Man who bought derelict building shocked to learn it was county's first fire station

A man who restored a derelict building in a Shropshire town was shocked to learn of its significance as the county's first ever purpose-built fire station.

A plaque on the wall of the building
A plaque on the wall of the building

Simon Peake, from Market Drayton, bought the site on Church Street, Market Drayton, with the aim of restoring it after it had been left derelict for around 22 years.

Little did he know that the building had an interesting local history, which would lead to him receiving around 600 enquiries from people in the community.

The 62-year-old said: "I bought it without even knowing what it was. It was boarded up, there was a tree growing out of the roof, it was derelict.

The old fire station before it was restored

"There's so much interest from local people. It was Market Drayton's first fire station and it's the first purpose-built fire station in Shropshire."

Plaque on the side of the building in Church Street

Established in 1790, the building was originally the old Fire Engine Station in Market Drayton, which served the people of the town for more than a century.

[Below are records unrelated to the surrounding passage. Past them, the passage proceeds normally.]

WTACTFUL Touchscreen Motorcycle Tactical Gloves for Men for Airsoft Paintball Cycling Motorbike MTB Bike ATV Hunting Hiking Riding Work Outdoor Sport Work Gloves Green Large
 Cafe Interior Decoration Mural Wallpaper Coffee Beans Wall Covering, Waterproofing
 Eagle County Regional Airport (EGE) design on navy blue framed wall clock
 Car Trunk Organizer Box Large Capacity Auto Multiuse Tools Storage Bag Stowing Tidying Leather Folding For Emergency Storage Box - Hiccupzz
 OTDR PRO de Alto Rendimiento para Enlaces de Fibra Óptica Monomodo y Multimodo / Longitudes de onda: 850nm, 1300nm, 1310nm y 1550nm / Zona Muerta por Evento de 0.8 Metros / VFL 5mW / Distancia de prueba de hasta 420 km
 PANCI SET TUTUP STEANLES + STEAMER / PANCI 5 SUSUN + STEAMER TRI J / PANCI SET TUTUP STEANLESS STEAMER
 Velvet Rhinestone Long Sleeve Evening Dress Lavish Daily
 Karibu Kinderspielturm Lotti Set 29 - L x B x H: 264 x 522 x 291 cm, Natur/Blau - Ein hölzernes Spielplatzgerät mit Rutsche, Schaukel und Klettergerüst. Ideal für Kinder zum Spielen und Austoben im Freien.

Powered by steam and drawn by horse, the fire engine was bought in 1774 and five shillings had been paid to bring it over from Tern Hill.

The fire alarm was raised by ringing the bell near the Buttercross, which would indicate that the horse needed to be collected from its field.

Simon has heard from residents of the town that the horse came to understand the sound of the bell and would often run off when it was sounded – but this is not certain.

The former fire station's interior

The old station ceased activity in 1920 and was converted into a toilet block.

After its restoration, Simon said he received around 150 requests to keep the tiles in the building which are 'extremely rare'.

Simon plans to let it out when it is finished and has already seen interest in the building to become a local meeting area, a hairdressers, or a pop up shop.

Whatever it becomes, Simon said that it will go back to serving the community.